When I’m at my wits’ end trying to come up with ways to convince my friends that we should go bar hopping, crash a friend-of-a-friend’s birthday party, or check out the new not-so-secret speakeasy everyone on TikTok is raving about, one of my go-to lines is “This is the youngest we’ll ever be.” It’s my last-resort guilt trip. Manipulative as it may sound, I want to plant the seed that, 20 years from now, they’ll look back on nights spent at home watching Love Is Blind and feel a tinge of regret—wistful for the days when they had no kids or partner to answer to and could go out without feeling “too old” to indulge in bad behavior.
Over time, that argument has become less successful. Mostly because people I know are proud to skip nights out, isolate themselves, and even brag to see who has the earliest bedtime. People on TikTok have branded this behavioral phenomenon (as the amateur sociologists on the app love to do), and it’s now being referred to as “performative maturity.”
“Don’t say that you’re too old to go to the club,” said one user in a popular post calling out textbook “performatively mature” conduct. “It’s so annoying to see people who are like, All my hobbies are grandma hobbies. They’re the same people who go to work, they go home, and they’re literally on their phones rotting. You’re not mature for doing that.”

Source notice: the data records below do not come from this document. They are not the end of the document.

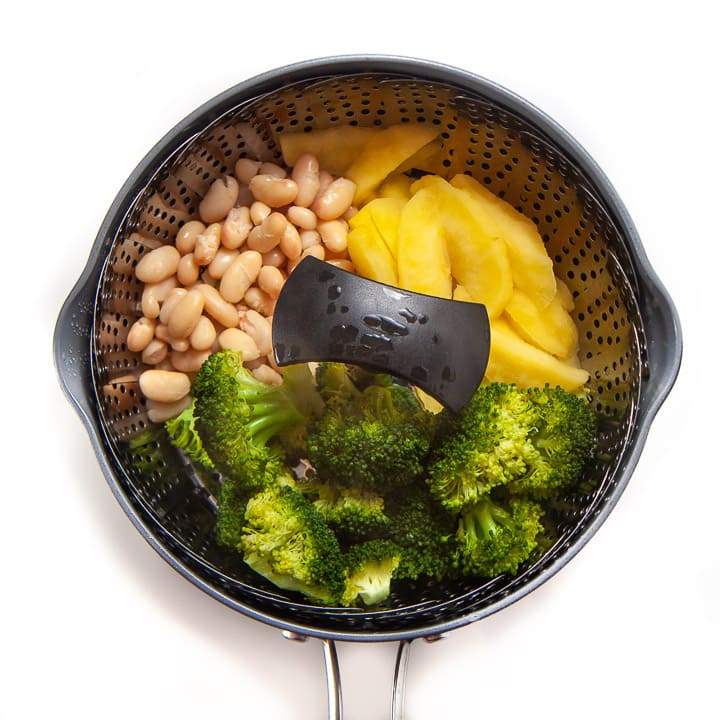 steamer pot with full meal for baby - broccoli, apple and white beans.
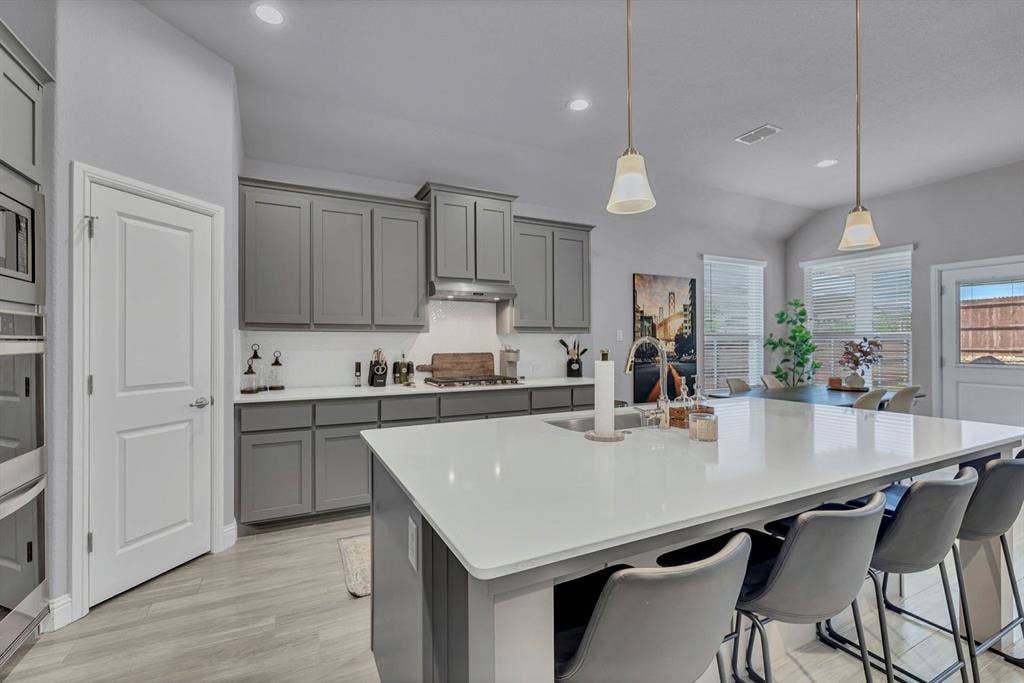 1000 Westwood Lane, Argyle, TX 76226 The kitchen features a large island with a sink, grey cabinetry, stainless steel appliances, and light-colored flooring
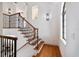 Elegant staircase with hardwood treads and black wrought iron railings, leading to the upper levels of the home at 524 Schooner Ln, Longboat Key, FL 34228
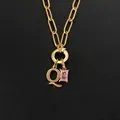 Gold plated stainless steel necklace featuring a letter Q and pink gemstone pendant - Letter Q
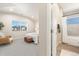 Bedroom leading to bathroom features neutral colors, carpet, and natural lighting at 875 E 78Th Ave # 70, Denver, CO 80229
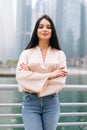 Portrait of business woman outdoors in the city streets in front of the group of skyscrapers and the river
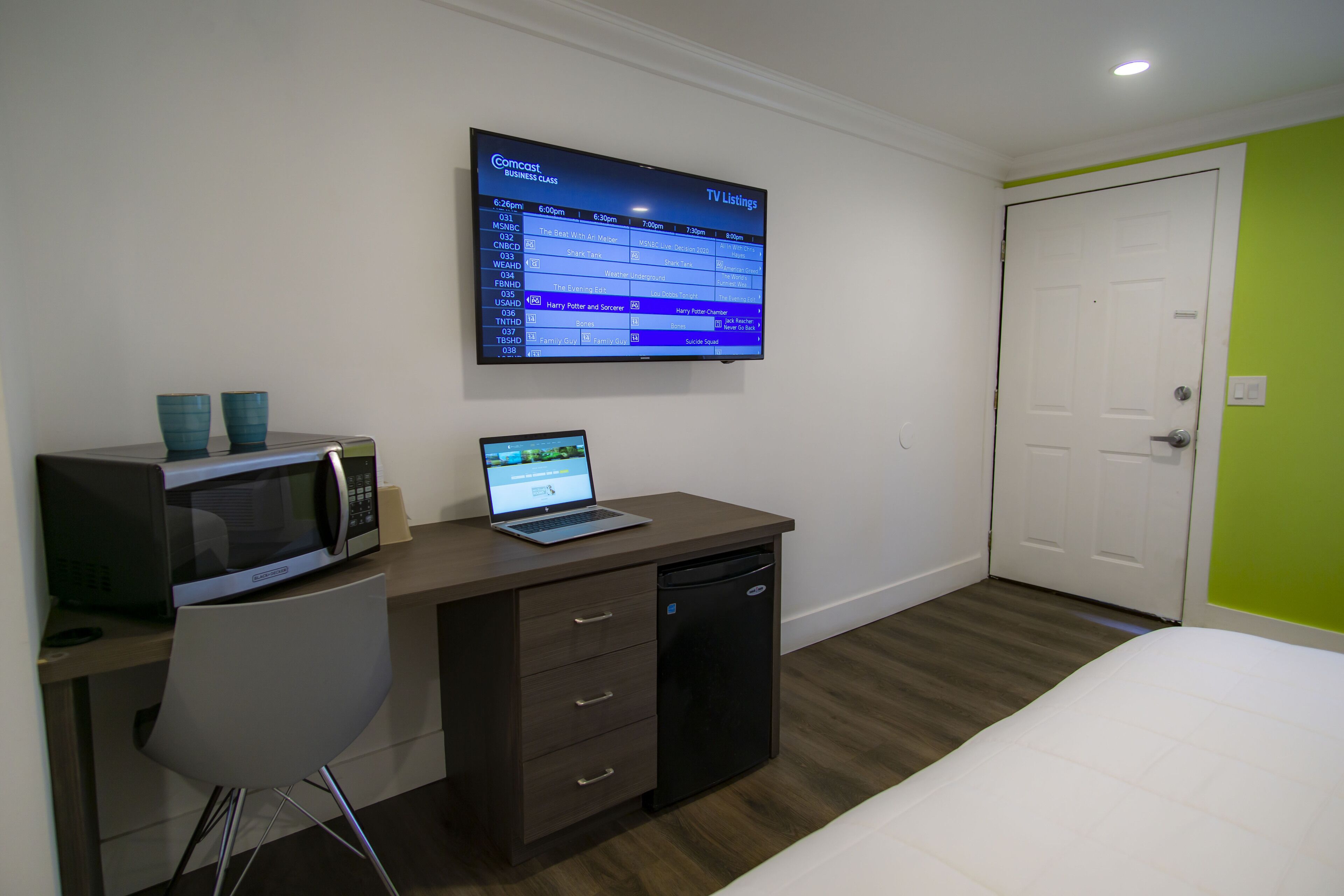 A hotel room with a bed, a desk with a laptop, a microwave, and a TV displaying TV listings.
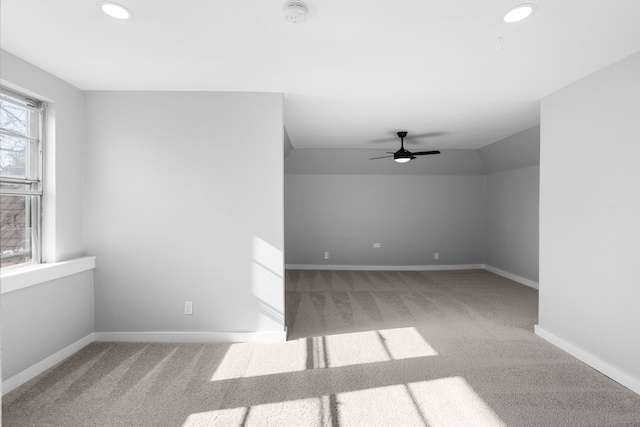 empty room with carpet flooring, ceiling fan, and lofted ceiling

What I believe distinguishes an innocent personal preference for solo nights from performative maturity is the proclamation of it. And that can be found in plenty of bed-rotting posts that attempt to aestheticize shutting the world out, and prematurely swearing off the reckless fun that youth forgives. They allow young people online to see insulating their lives as the ideal.
In Josh Lora’s 2024 essay, The Mainstreaming of Loserdom, he mapped out the social acceptance of rotting and the concurrent dwindling amount of young people pursuing outside hobbies, linking it all to “a combination of loneliness, social anxiety, unlimited internet access, and economic crisis.” It’s true that the current economy—and the entry-level job drought that most of Gen Z graduated into—does not naturally give way to night after night of frivolous spending. And it’s no surprise that a generation who came of age during a global pandemic is, by and large, way less afraid of being alone; so much so that our loneliness has many a time been declared an epidemic of its own.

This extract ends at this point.